Exercise brief: Check every line below for the string "ужина". Copy the ones that have it.

(Records from a data source)
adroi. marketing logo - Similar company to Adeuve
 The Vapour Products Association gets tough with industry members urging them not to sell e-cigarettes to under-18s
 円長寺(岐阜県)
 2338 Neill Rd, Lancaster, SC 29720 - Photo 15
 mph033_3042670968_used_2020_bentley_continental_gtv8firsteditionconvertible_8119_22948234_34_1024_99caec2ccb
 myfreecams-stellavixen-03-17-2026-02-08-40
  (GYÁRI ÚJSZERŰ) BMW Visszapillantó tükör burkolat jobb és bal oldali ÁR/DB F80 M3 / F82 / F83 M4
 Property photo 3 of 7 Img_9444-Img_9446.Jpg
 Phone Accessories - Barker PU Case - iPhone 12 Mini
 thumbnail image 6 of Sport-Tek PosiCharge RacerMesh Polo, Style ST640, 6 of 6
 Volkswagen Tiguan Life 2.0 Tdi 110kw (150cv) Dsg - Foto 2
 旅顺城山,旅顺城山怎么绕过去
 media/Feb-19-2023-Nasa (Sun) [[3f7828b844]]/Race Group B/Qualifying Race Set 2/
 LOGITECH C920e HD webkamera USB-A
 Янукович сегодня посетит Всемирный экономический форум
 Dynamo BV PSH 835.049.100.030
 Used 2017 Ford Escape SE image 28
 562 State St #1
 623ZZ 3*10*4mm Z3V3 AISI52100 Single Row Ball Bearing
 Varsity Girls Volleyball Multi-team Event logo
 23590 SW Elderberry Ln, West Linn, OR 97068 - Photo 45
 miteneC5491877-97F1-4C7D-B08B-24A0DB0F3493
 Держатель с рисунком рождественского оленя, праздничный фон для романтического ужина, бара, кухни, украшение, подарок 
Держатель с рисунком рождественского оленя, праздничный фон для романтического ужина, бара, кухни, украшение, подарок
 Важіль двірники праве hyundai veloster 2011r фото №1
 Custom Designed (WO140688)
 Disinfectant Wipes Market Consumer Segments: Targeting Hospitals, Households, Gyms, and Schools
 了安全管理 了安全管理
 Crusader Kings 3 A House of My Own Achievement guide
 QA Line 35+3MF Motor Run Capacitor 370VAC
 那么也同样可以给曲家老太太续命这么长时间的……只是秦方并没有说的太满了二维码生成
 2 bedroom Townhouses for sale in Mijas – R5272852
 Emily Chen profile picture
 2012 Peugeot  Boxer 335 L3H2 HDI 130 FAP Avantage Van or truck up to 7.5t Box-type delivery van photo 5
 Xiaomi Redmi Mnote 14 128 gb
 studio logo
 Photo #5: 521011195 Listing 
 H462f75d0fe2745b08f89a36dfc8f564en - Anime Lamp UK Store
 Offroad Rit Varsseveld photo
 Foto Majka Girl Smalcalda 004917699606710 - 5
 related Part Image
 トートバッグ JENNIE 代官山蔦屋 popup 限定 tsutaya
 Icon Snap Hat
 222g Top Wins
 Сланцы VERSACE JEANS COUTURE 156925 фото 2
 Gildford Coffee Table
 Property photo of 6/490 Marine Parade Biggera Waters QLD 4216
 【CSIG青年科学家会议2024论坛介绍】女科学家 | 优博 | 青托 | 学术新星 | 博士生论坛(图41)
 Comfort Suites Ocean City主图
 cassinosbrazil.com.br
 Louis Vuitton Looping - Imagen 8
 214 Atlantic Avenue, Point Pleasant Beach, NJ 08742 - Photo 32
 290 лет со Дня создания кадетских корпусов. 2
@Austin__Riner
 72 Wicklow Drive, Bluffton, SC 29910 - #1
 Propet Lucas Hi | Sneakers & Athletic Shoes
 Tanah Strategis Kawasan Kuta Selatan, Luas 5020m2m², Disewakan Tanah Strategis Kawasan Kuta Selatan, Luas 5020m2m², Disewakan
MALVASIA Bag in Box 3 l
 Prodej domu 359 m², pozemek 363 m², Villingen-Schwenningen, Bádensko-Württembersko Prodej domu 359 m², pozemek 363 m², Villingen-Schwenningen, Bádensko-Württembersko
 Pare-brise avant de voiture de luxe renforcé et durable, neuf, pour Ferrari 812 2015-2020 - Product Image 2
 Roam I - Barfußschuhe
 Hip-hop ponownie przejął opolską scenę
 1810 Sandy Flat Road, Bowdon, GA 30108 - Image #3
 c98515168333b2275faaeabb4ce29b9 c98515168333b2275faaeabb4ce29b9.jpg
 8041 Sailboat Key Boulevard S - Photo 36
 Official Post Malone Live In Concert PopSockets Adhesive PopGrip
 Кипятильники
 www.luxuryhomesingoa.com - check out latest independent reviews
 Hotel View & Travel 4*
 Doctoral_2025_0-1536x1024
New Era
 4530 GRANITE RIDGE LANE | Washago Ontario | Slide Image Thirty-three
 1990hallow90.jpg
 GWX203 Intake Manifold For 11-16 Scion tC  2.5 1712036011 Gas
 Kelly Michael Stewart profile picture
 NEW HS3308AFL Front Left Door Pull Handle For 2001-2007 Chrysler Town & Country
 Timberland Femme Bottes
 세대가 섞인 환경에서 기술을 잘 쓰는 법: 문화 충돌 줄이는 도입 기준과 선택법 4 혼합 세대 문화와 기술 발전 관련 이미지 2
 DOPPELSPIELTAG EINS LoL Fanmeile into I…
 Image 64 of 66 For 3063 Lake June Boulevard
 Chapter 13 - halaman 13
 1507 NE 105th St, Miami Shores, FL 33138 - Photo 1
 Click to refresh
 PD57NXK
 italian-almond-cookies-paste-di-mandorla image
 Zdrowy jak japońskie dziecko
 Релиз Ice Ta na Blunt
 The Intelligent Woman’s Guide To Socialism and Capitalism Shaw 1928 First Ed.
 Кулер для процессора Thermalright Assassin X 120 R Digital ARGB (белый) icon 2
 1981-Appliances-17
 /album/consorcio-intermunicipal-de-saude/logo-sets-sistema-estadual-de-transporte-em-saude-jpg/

Reply to the task:
 Держатель с рисунком рождественского оленя, праздничный фон для романтического ужина, бара, кухни, украшение, подарок 
Держатель с рисунком рождественского оленя, праздничный фон для романтического ужина, бара, кухни, украшение, подарок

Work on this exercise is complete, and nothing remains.